======== SUPPLIED DATA
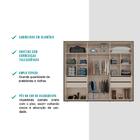 Guarda Roupa Casal 6 Portas 4 Gav Espelho Madeirado Carraro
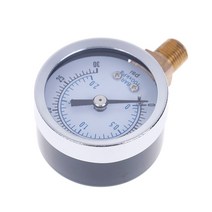 연료 공기 오일 가스 수유 측정 용 22/25/40/50mm 직경 압력 게이지 저압, 01 TS-50-15psi
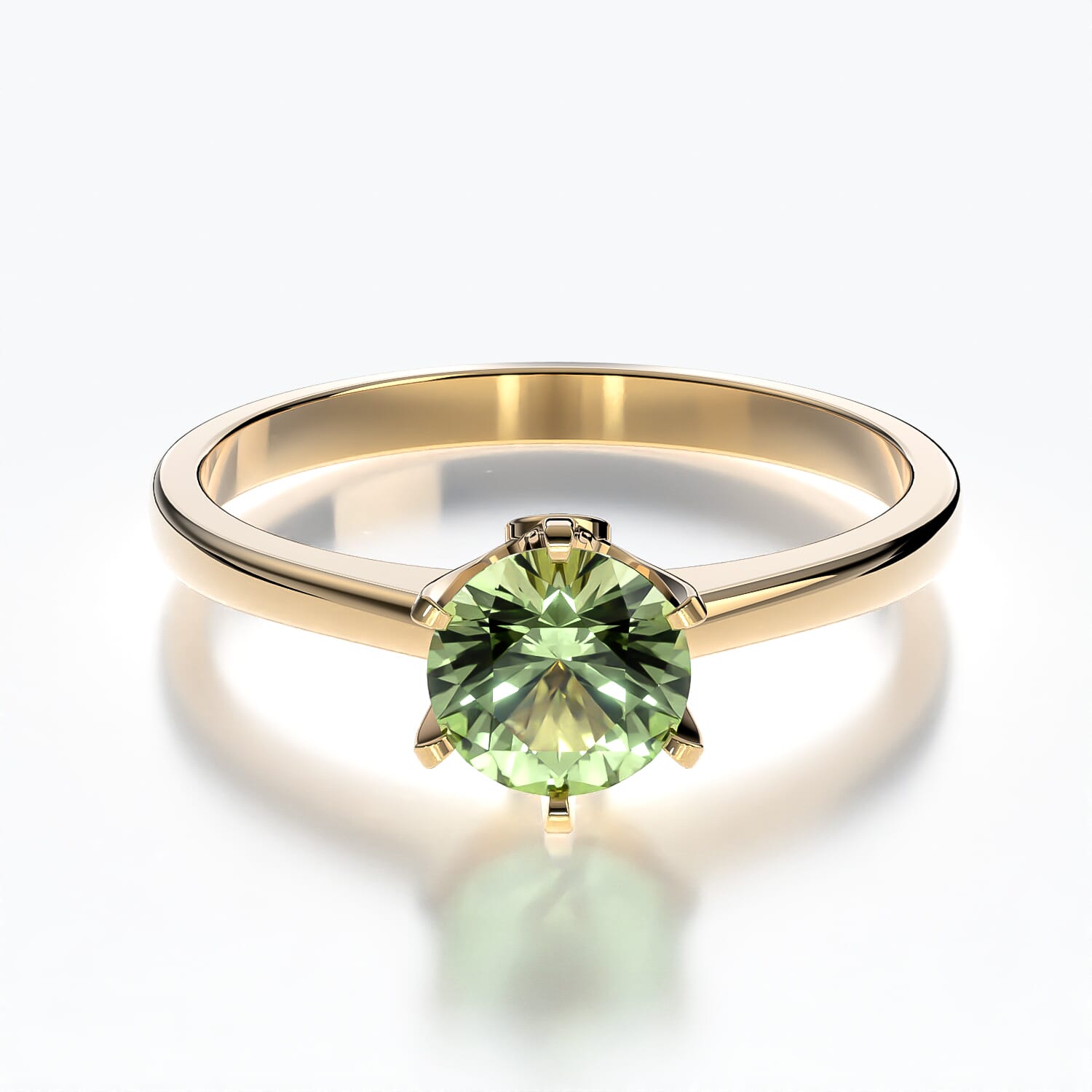 Verlobungsring The Journey: Gold, Grüner Saphir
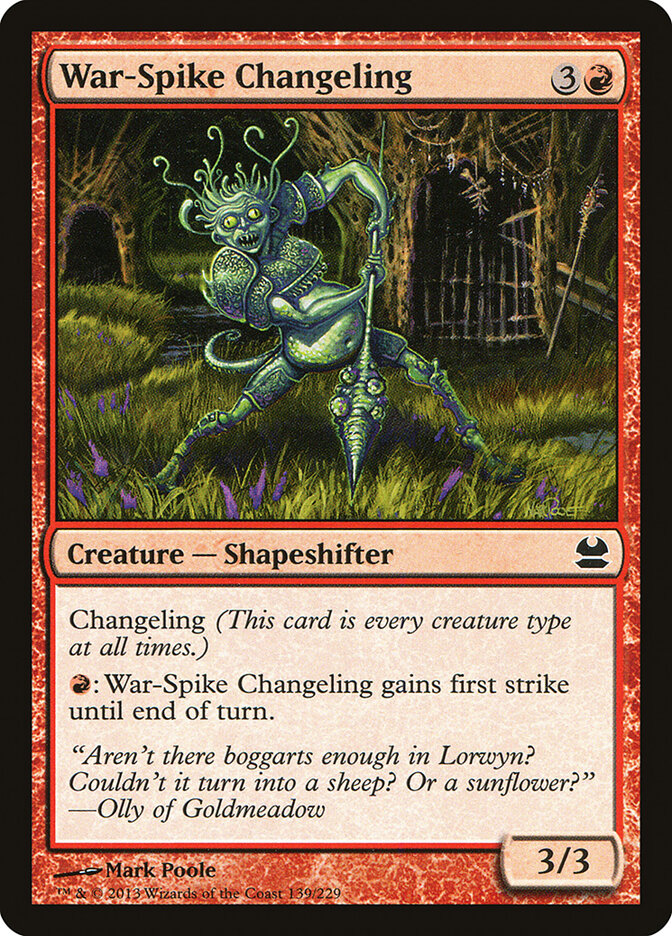 War-Spike Changeling card front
================
- **ASSIGNED TASK**
Repeat the material line for line. Pictures stay out of the copy.

- **YOUR SOLUTION**
 Guarda Roupa Casal 6 Portas 4 Gav Espelho Madeirado Carraro
 연료 공기 오일 가스 수유 측정 용 22/25/40/50mm 직경 압력 게이지 저압, 01 TS-50-15psi
 Verlobungsring The Journey: Gold, Grüner Saphir
 War-Spike Changeling card front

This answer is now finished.